Danny Lee made sure his return to the Masters was worth the wait.
The South Korea-born Lee shot a 4-under 68 in Thursday's first round at Augusta National to finish the day in a second-place tie with Shane Lowry, two shots behind defending champion Jordan Spieth.
He mixed in six birdies and two bogeys, handling the windy conditions well. Lee's final PGA Tour appearance as an amateur came in the 2009 Masters, when he opened with a 74 and missed the cut with a second-round 81.
It took seven years to get back. Locking up a return trip was another reason to celebrate his first PGA Tour win at the Greenbrier Classic last year.
"After I made the winning putt at the Greenbrier Classic, all I was thinking about was coming back to this place," said Lee, who became a citizen of New Zealand in 2008. "And now it's finally here."
In fact, he arrived a week before the tournament started to play extra practice rounds. Seeing his name high on the leaderboard was quite an experience for Lee, who remembers watching the 1997 Masters when Tiger Woods won despite going 4 over on the front nine in the first round. Lee easily beat that, though Woods' blistering finish would be hard to top.
Lee played much of his early career on the European Tour, where he became the youngest winner as an 18-year-old. He also made stops on the Web.com Tour.
Lee isn't well known in the United States, and the patrons at Augusta National didn't seem that excited as he moved up the leaderboard.

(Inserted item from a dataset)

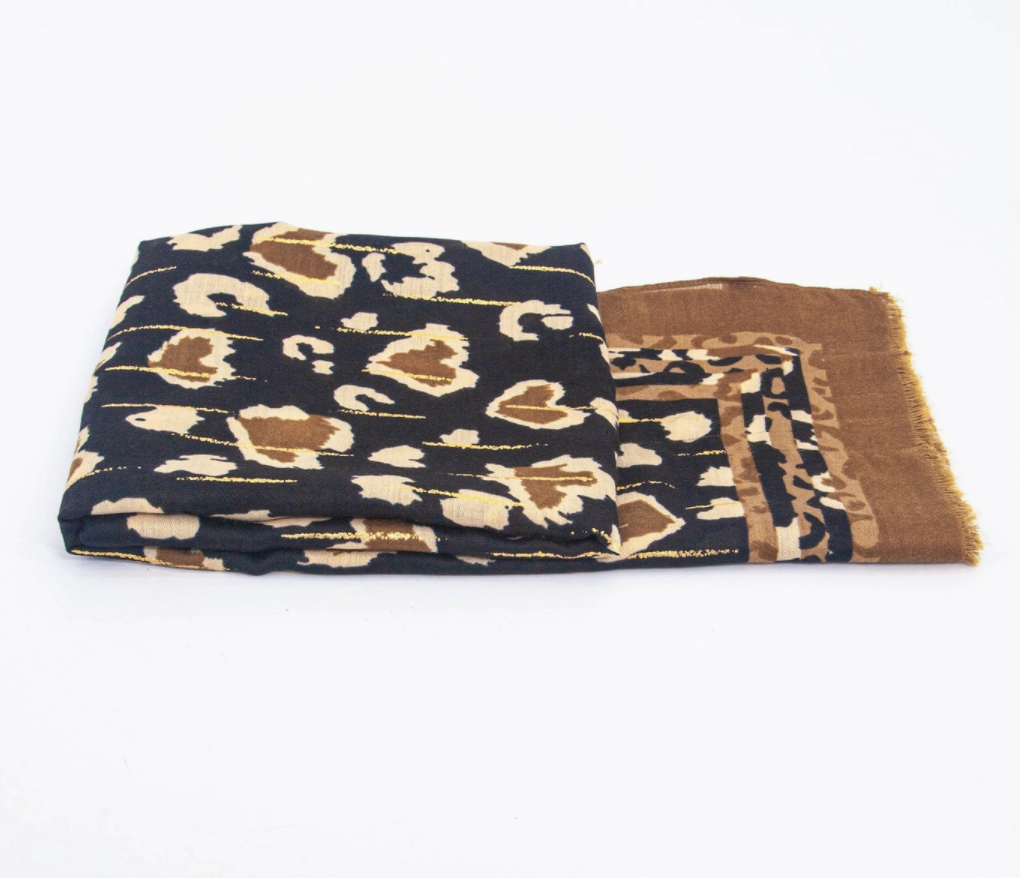 Percy Lightweight Scarf |  Neutral | Leopard Print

After making a 6-yard birdie putt on No. 12, Lee realized something was missing: The applause.
"I don't know, but I guess nobody was watching my putt," Lee said, smiling. "I was just waving at myself to the crowds, I made birdie, guys."
Lee, 25, has some accomplishments in the U.S. He replaced Woods in 2008 as the youngest U.S. Amateur champion ever, just past his 18th birthday.

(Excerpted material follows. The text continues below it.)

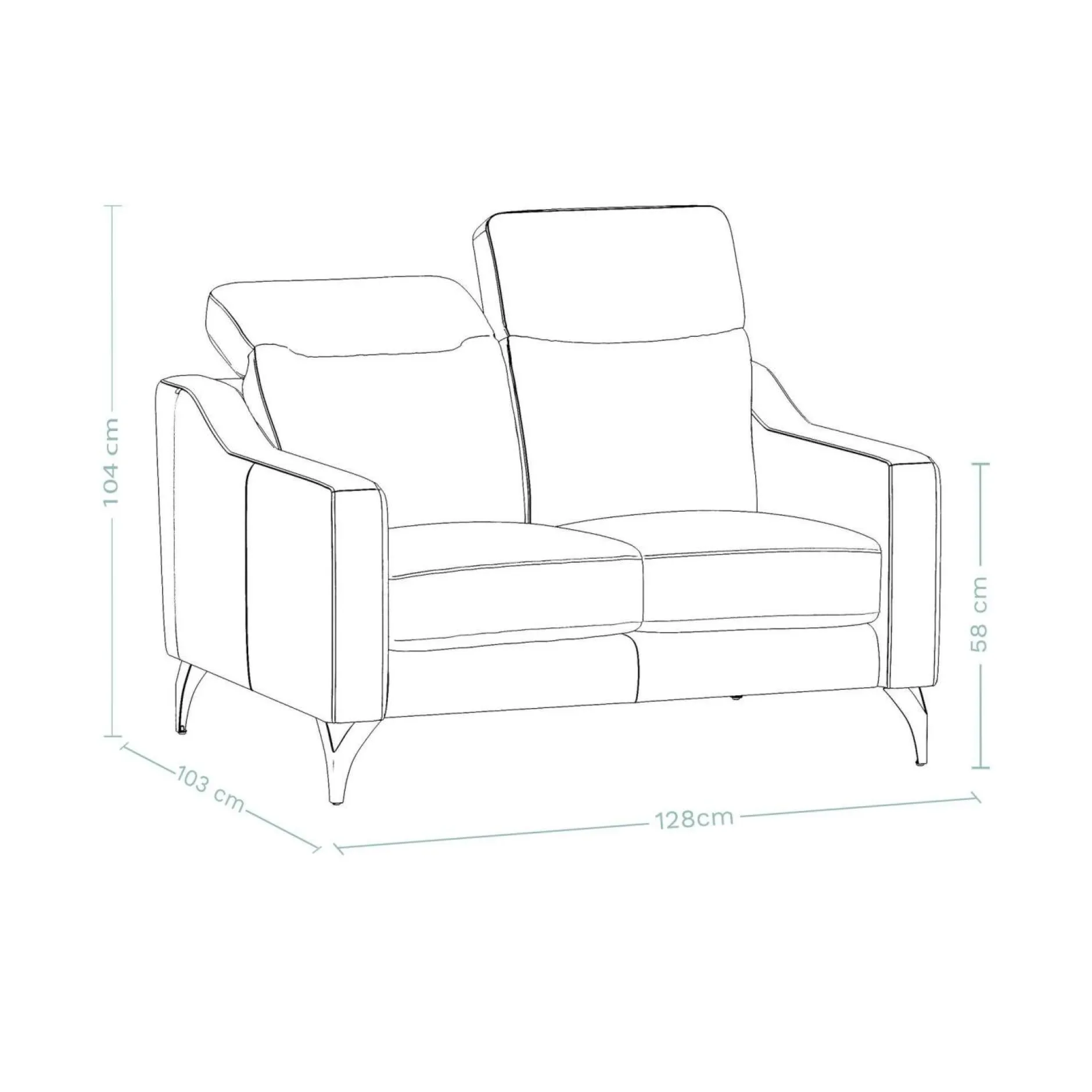 Canapés Droits|Canapés Fixes>Camif Canapé cuir têtières relevables Ben - - 2 places Gris Clair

On Thursday, he had some fortunate breaks, like hitting the flag on No. 2 to keep the ball from flying over the green.
In the process, Lee created a different set of memories from the 2009 tournament.
Among the lingering recollections from those two rounds was a six-putt on No. 10 that had playing partners Adam Scott and Trevor Immelman laughing.
"I was like, 'Seriously, guys?" Lee said.
Now, he's just off the Masters lead. Seriously.